» Caption-style text data
+ + + +

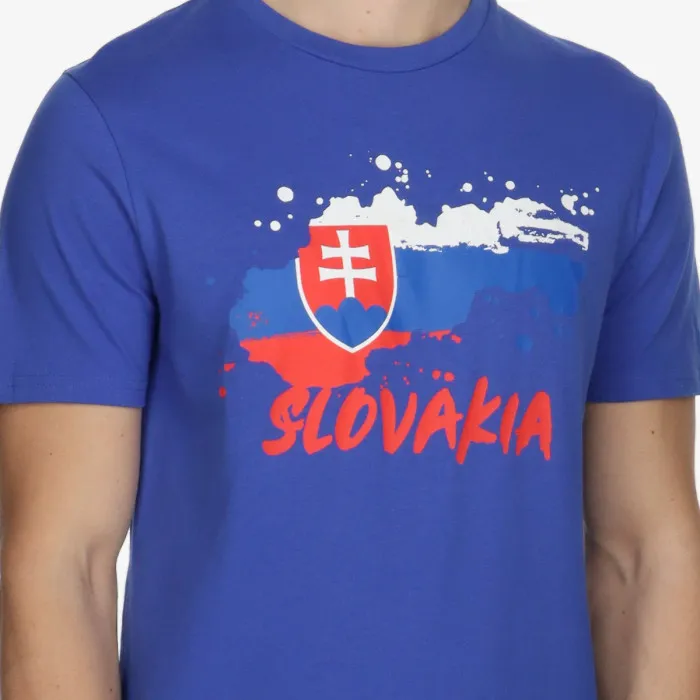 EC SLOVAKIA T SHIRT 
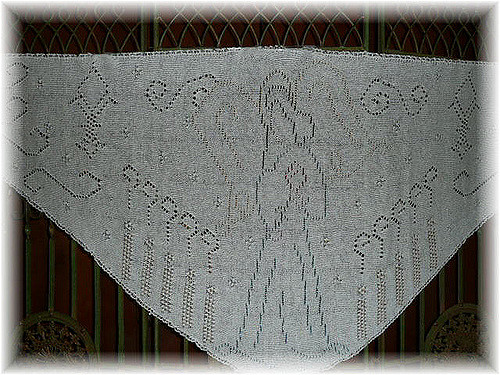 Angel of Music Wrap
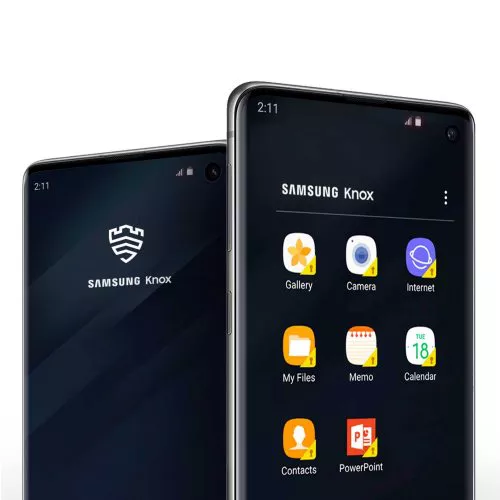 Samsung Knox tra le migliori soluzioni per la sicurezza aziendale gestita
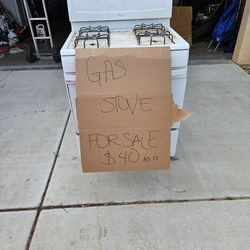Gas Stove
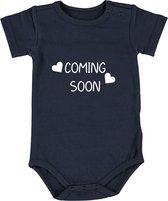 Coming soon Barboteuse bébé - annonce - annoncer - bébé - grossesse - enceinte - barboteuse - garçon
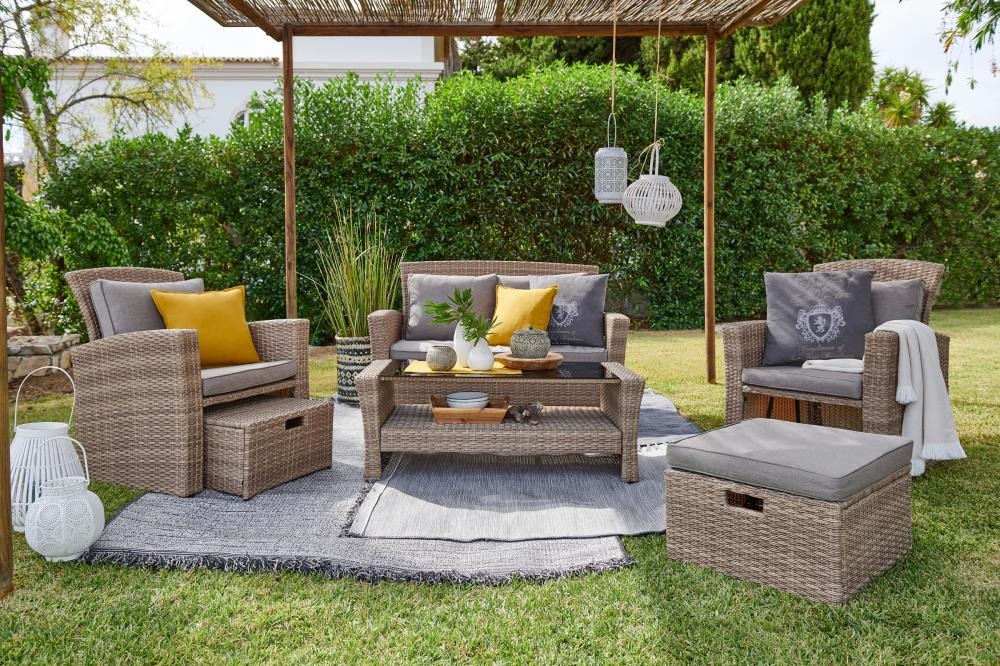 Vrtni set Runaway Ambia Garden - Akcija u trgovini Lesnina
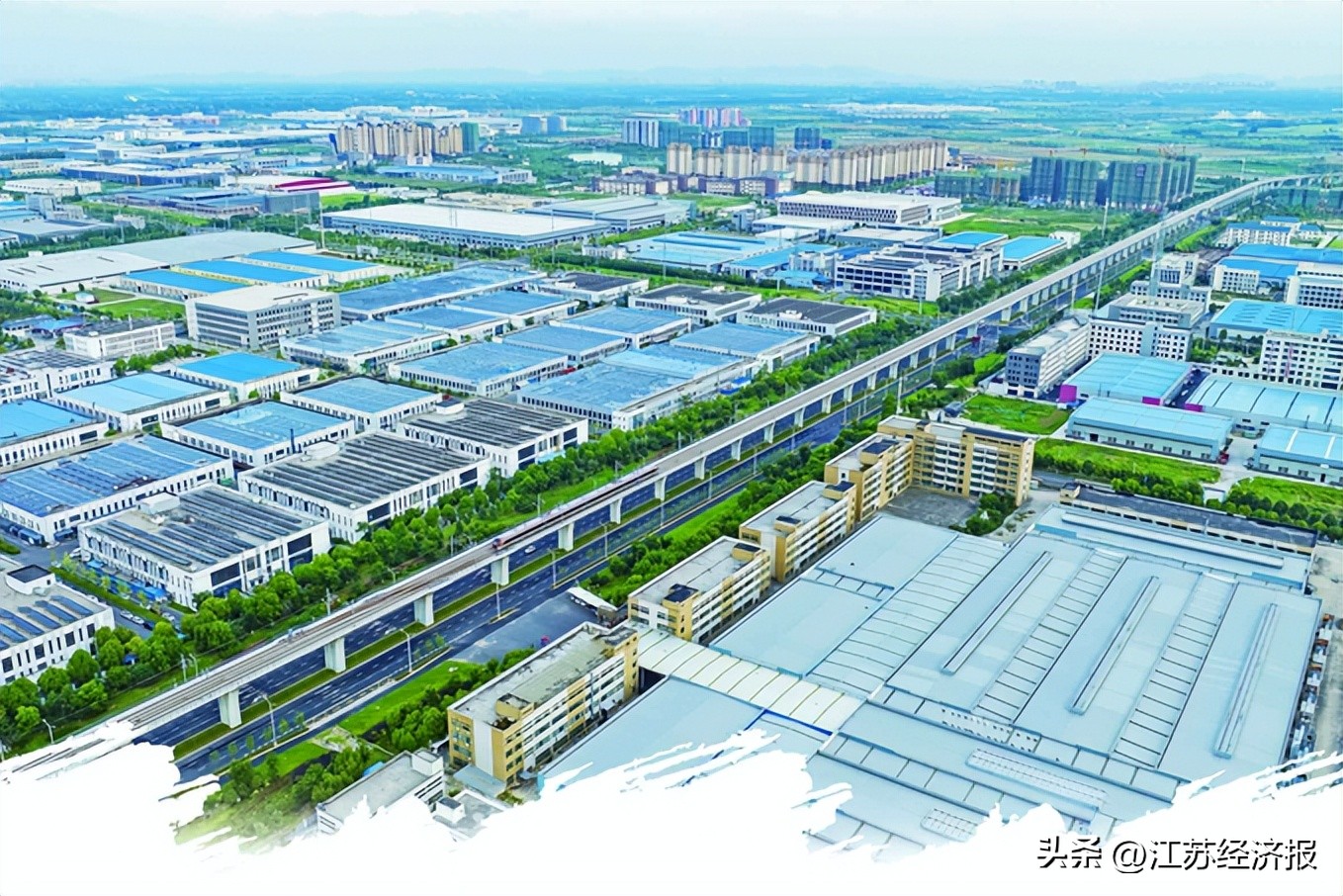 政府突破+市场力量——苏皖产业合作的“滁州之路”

+ + + +

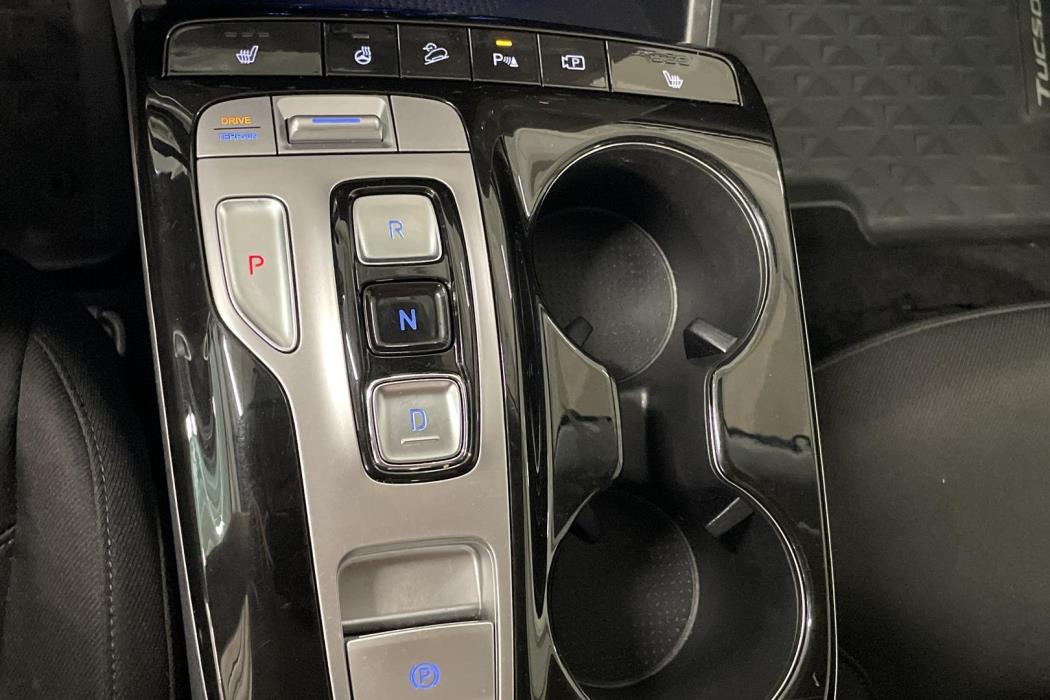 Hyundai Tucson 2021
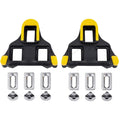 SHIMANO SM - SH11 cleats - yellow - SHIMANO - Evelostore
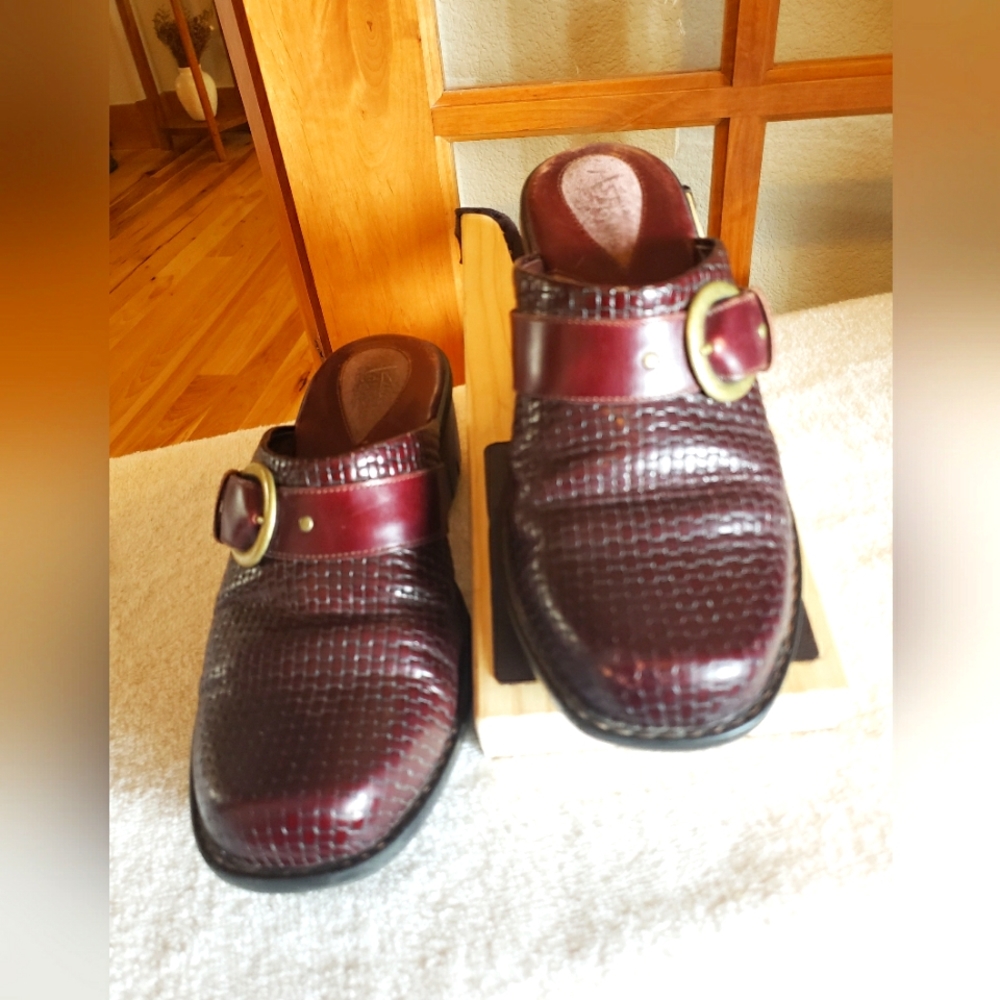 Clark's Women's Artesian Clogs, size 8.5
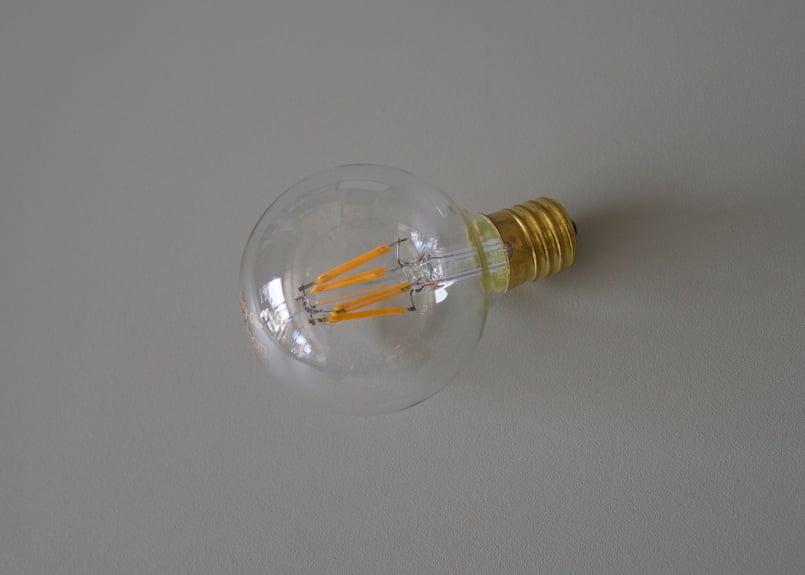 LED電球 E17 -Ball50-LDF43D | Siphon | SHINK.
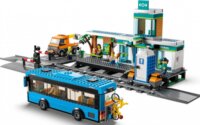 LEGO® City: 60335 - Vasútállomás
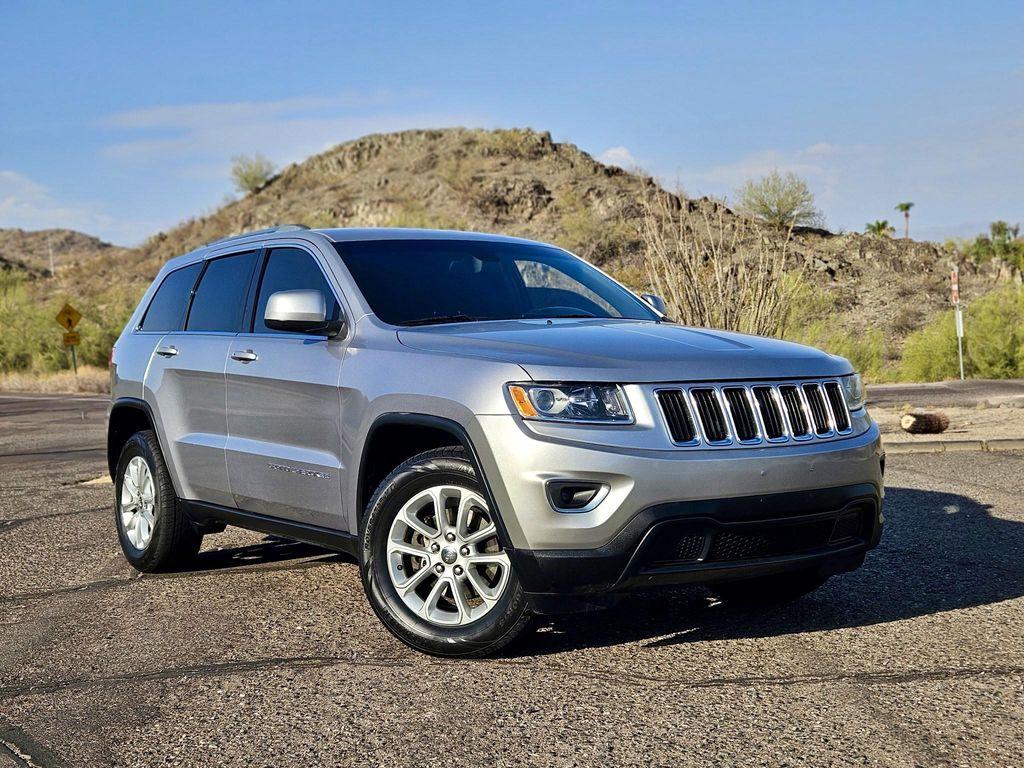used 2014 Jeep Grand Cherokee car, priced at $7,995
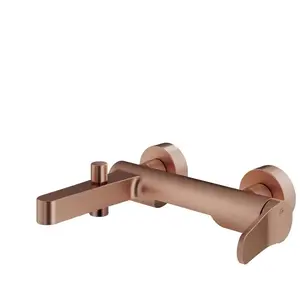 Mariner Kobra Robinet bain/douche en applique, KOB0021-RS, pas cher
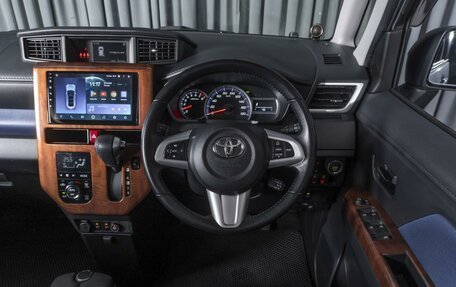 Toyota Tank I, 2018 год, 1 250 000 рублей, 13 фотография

+ + + +

» EXERCISE AIM
Between and including the line with "Hyundai Tucson 2021" and the line with "Toyota Tank I, 2018", repeat every line exactly as it appears above, with pictures left out.

» REPLY TO THE TASK
 Hyundai Tucson 2021
 SHIMANO SM - SH11 cleats - yellow - SHIMANO - Evelostore
 Clark's Women's Artesian Clogs, size 8.5
 LED電球 E17 -Ball50-LDF43D | Siphon | SHINK.
 LEGO® City: 60335 - Vasútállomás
used 2014 Jeep Grand Cherokee car, priced at $7,995
 Mariner Kobra Robinet bain/douche en applique, KOB0021-RS, pas cher
 Toyota Tank I, 2018 год, 1 250 000 рублей, 13 фотография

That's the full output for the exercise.